* _The task_: In the material below, pictures must be dropped. Repeat exactly, and only, the lines from the line with "Photos of Alton" to the line with "1187 - A box", both ends included.

* _Data listing_:
╭──

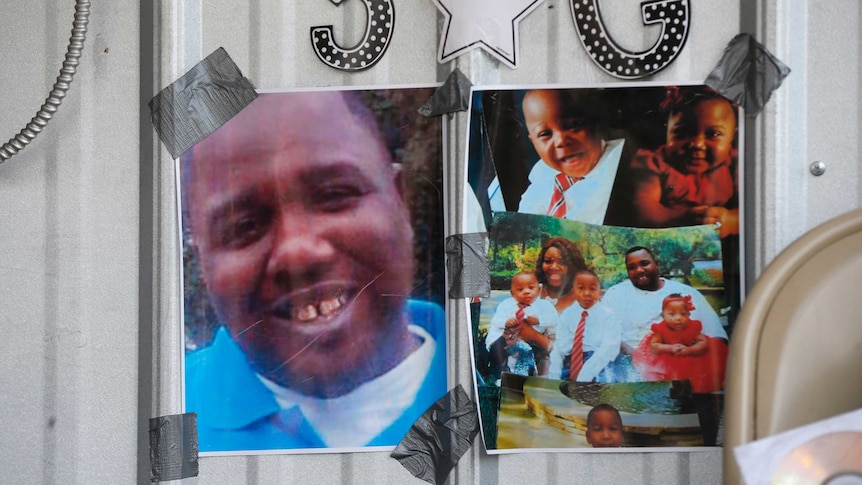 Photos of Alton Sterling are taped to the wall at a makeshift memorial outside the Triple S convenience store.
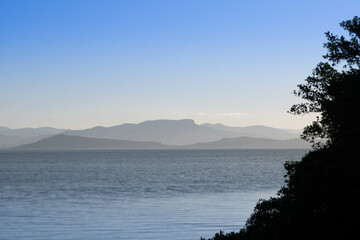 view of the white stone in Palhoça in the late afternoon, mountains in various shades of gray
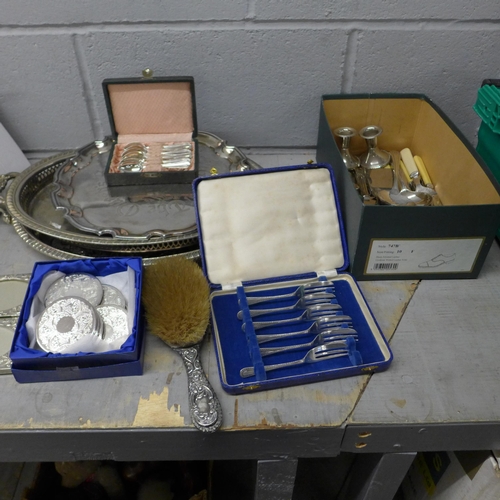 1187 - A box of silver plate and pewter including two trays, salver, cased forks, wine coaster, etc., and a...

╰──
╭──

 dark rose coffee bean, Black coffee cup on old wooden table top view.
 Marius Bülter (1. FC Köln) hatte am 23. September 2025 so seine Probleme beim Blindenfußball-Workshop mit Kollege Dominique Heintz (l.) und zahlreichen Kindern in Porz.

╰──

* _Your response_:
 Photos of Alton Sterling are taped to the wall at a makeshift memorial outside the Triple S convenience store.
 view of the white stone in Palhoça in the late afternoon, mountains in various shades of gray
 1187 - A box of silver plate and pewter including two trays, salver, cased forks, wine coaster, etc., and a...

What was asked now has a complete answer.